**PROBLEM TO SOLVE:** Images should be omitted while the rest of the data is duplicated exactly.

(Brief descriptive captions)
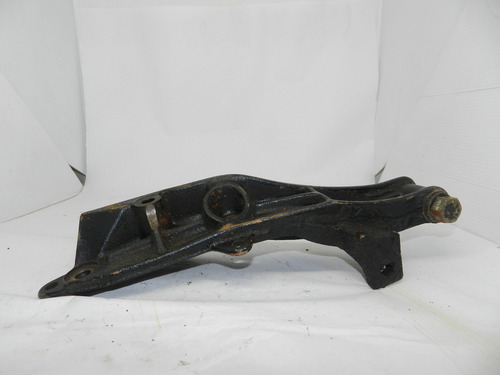 Suporte Coxim Motor Palio Siena Week Fiasa 1.0 96/00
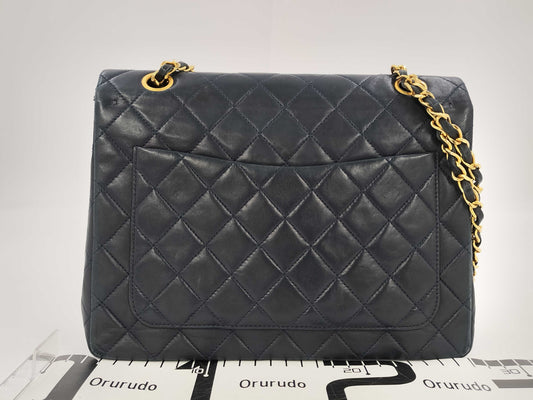CHANEL CHANEL Matelasse Shoulder Bag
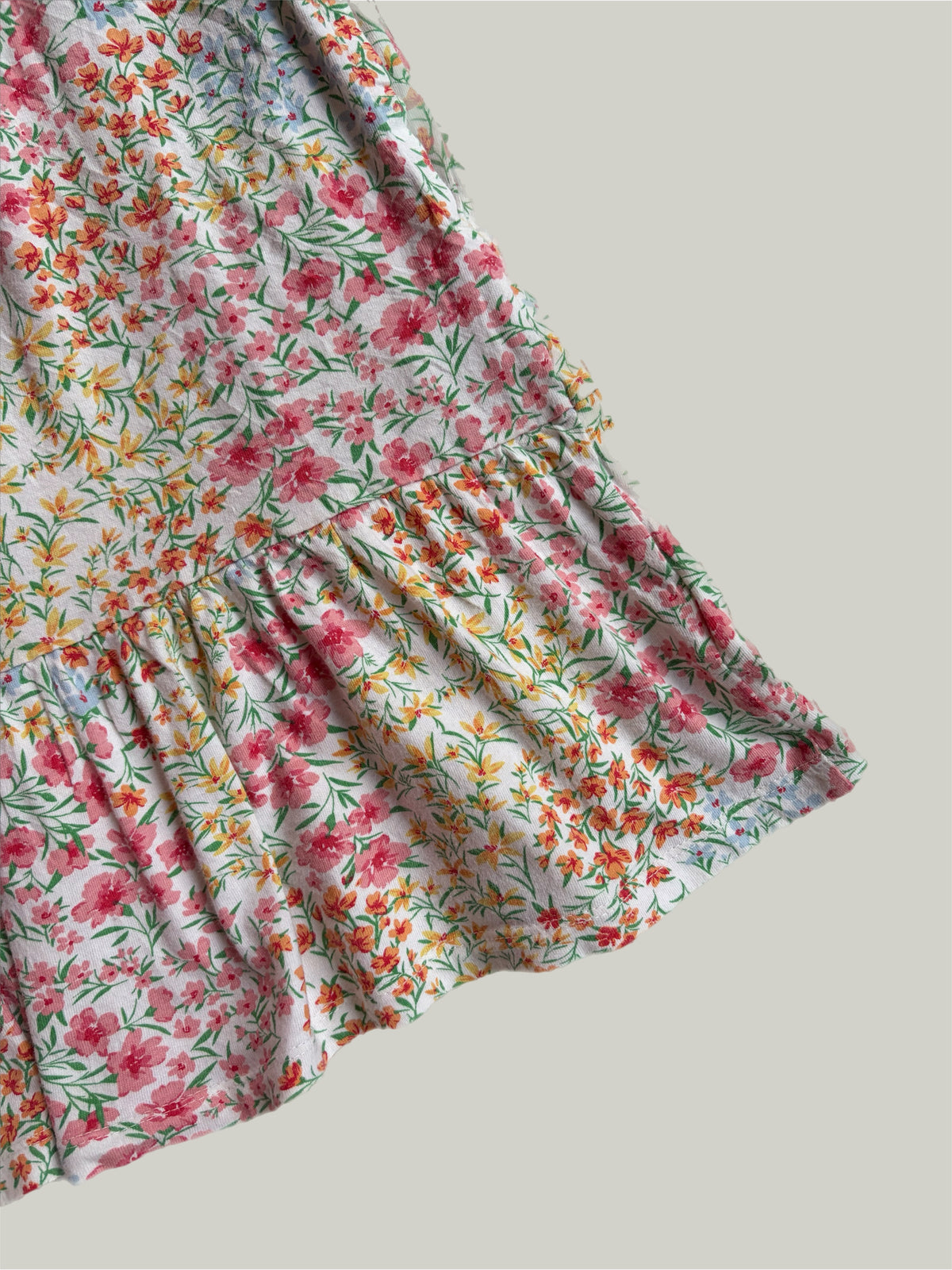 Excellent Condition Old Navy Cotton Dress 8 Years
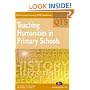 Teaching Humanities in Primary Schools (Achieving QTS)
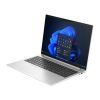 HP EliteBook 860 G11 16" WUXGA AG UWVA, Core Ultra5-125U 1.3GHz, 16GB, 512GB SSD, Win 11 Prof., ezüst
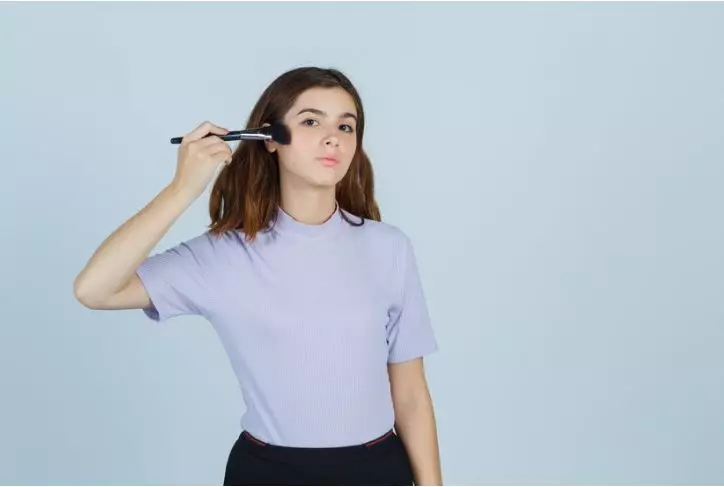rahasia daily makeup rutin ala influencer Jessica Jane berbagai sumber rahasia daily makeup rutin ala influencer Jessica Jane berbagai sumber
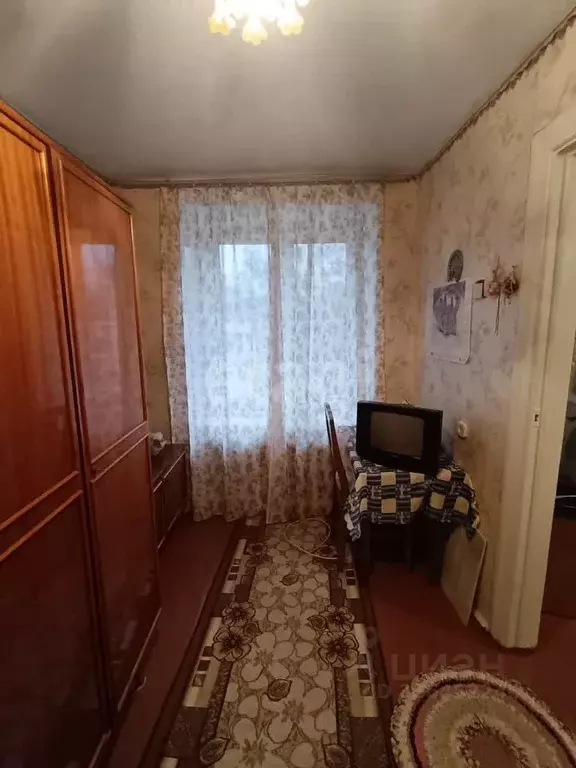 2-к кв. Ленинградская область, Кириши ул. Мира, 23 (43.3 м) - Фото 1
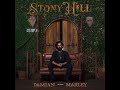 Damian Marley - Slave Mill (Stony Hill Album 2017) [Bass Boosted]
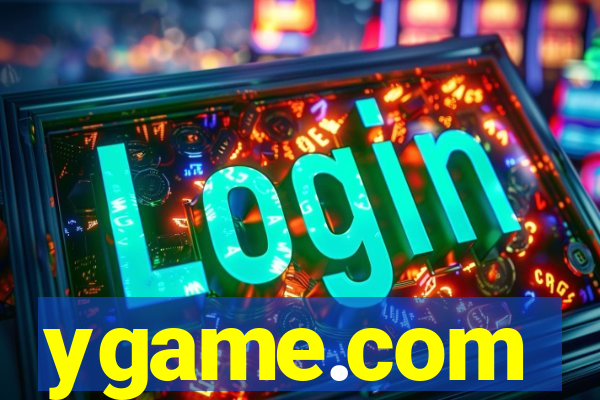 ygame.com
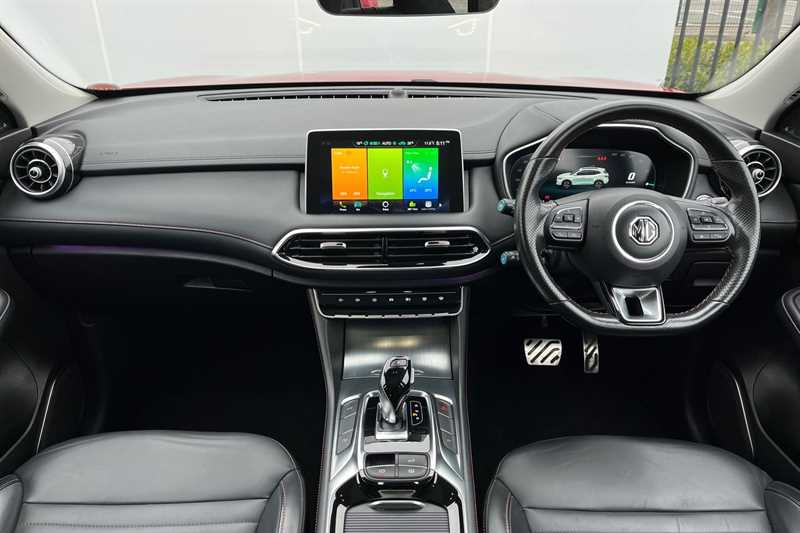 Used MG MG HS for sale - 78130280: Photo 13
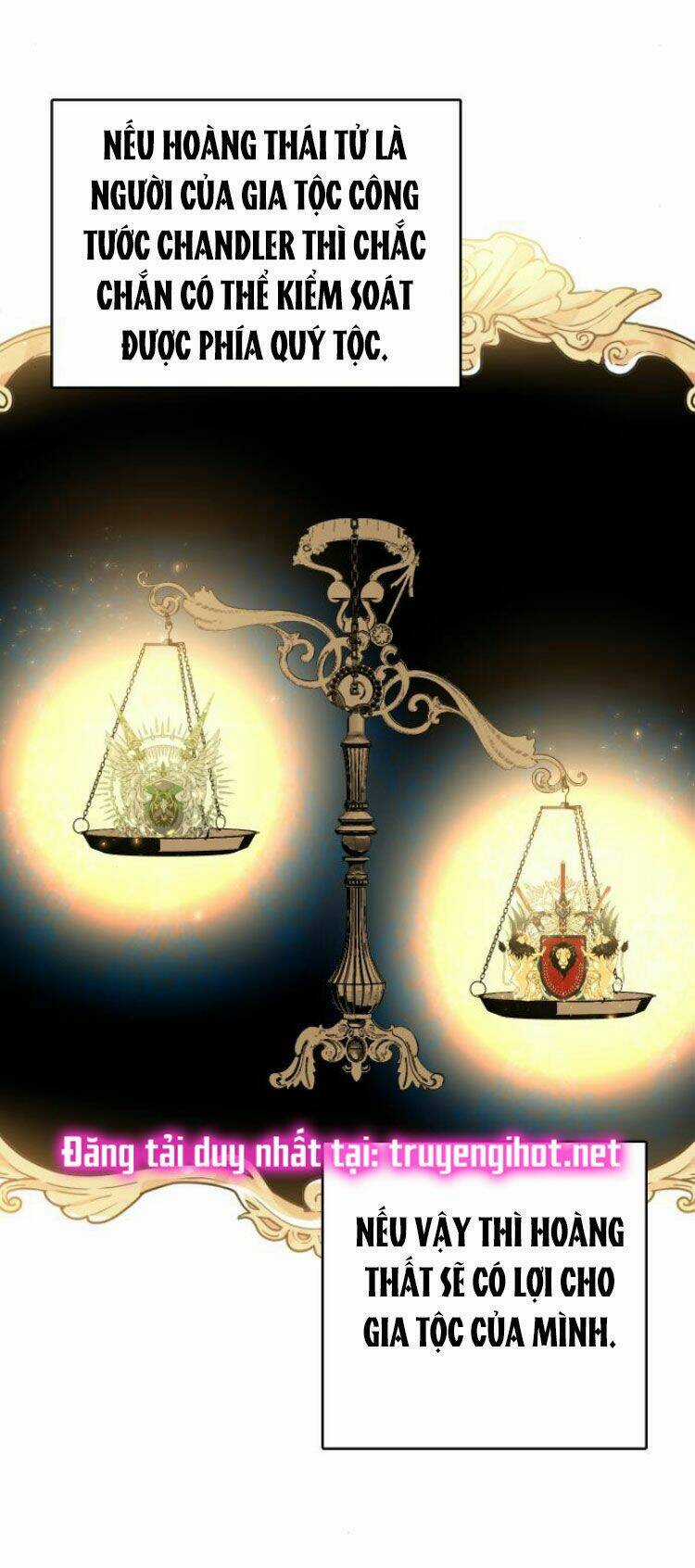 Hoán Đổi Linh Hồn - Chapter 12.3 - Trang 8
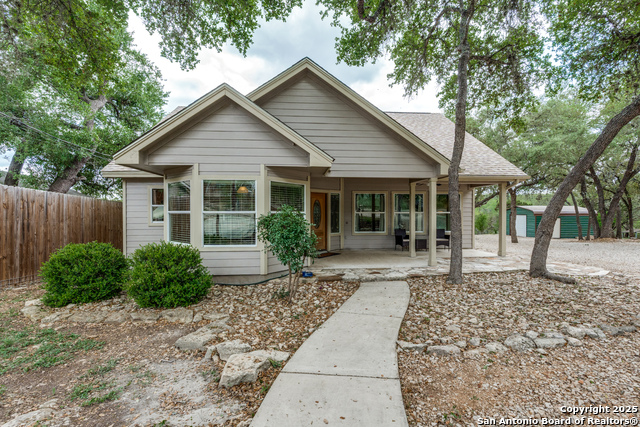 Details for 1660 Westview Court, Canyon Lake, TX 78133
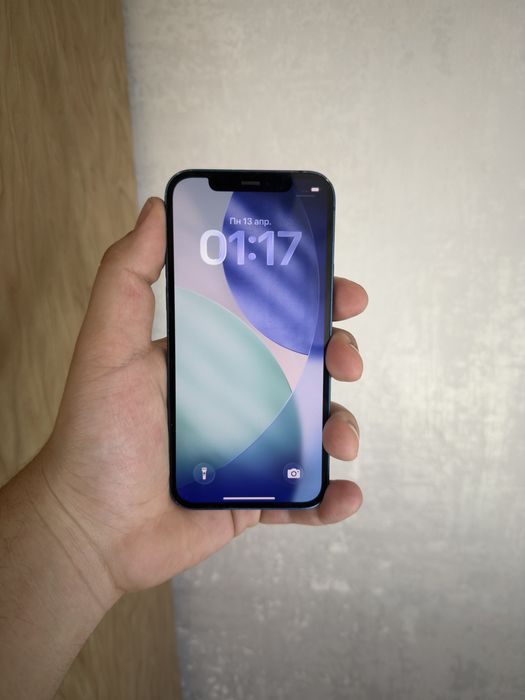 Продам Айфон 12/128 Без ремонта !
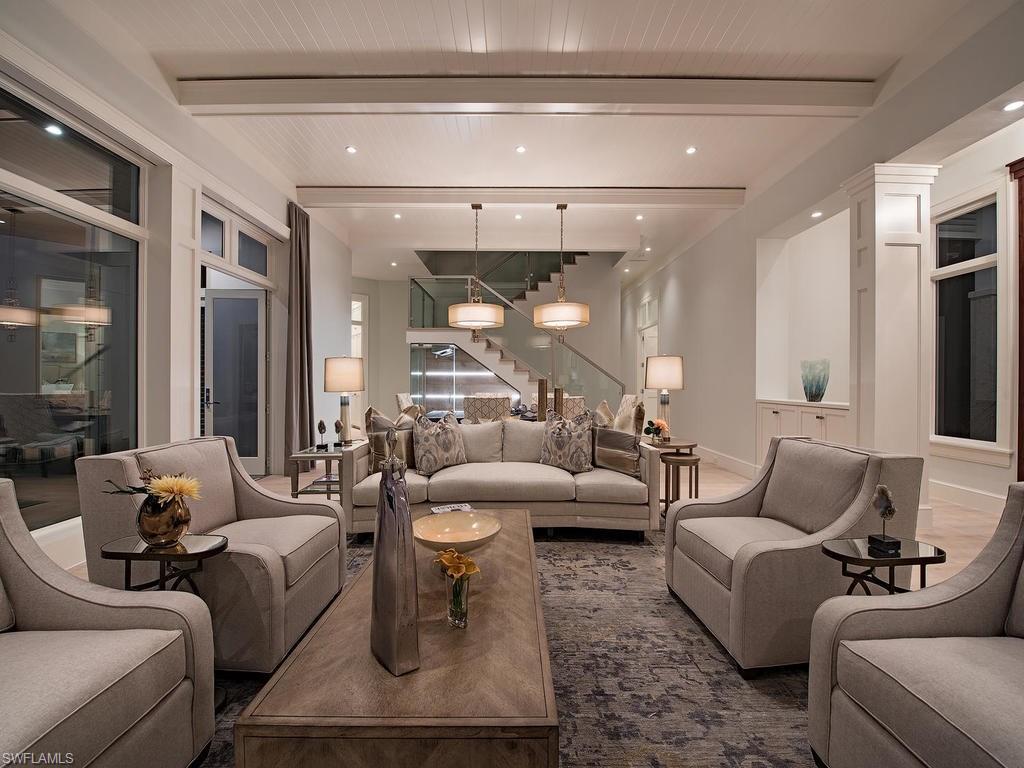 PARK SHORE - Residential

**REPLY TO THE EXERCISE:**
 Suporte Coxim Motor Palio Siena Week Fiasa 1.0 96/00
CHANEL CHANEL Matelasse Shoulder Bag
 Excellent Condition Old Navy Cotton Dress 8 Years
 Teaching Humanities in Primary Schools (Achieving QTS)
 HP EliteBook 860 G11 16" WUXGA AG UWVA, Core Ultra5-125U 1.3GHz, 16GB, 512GB SSD, Win 11 Prof., ezüst
rahasia daily makeup rutin ala influencer Jessica Jane berbagai sumber rahasia daily makeup rutin ala influencer Jessica Jane berbagai sumber
 2-к кв. Ленинградская область, Кириши ул. Мира, 23 (43.3 м) - Фото 1
 Damian Marley - Slave Mill (Stony Hill Album 2017) [Bass Boosted]
 ygame.com
 Used MG MG HS for sale - 78130280: Photo 13
 Hoán Đổi Linh Hồn - Chapter 12.3 - Trang 8
 Details for 1660 Westview Court, Canyon Lake, TX 78133
 Продам Айфон 12/128 Без ремонта !
 PARK SHORE - Residential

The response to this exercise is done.